Records provided:
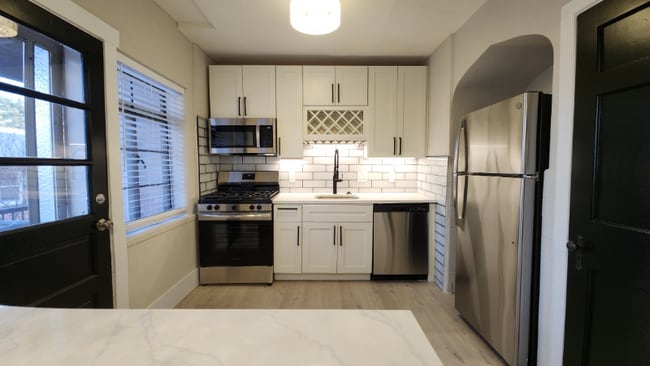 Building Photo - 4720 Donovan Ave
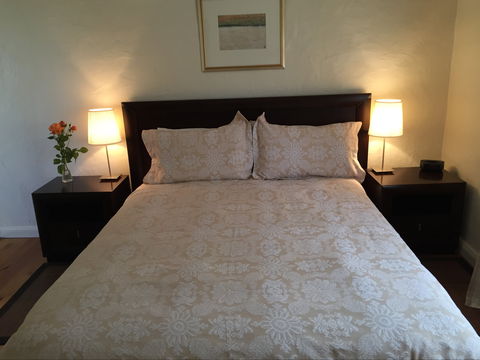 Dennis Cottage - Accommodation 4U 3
--
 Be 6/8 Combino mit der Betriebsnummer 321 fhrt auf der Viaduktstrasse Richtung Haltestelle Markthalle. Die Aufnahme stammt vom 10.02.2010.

What you are asked to do:
Would you set down only the lines above from the line with "Building Photo - 4720 Donovan Ave" to the line with "Dennis Cottage - Accommodation 4U 3", both included, exactly as they stand and without the pictures?

Written response:
 Building Photo - 4720 Donovan Ave
 Dennis Cottage - Accommodation 4U 3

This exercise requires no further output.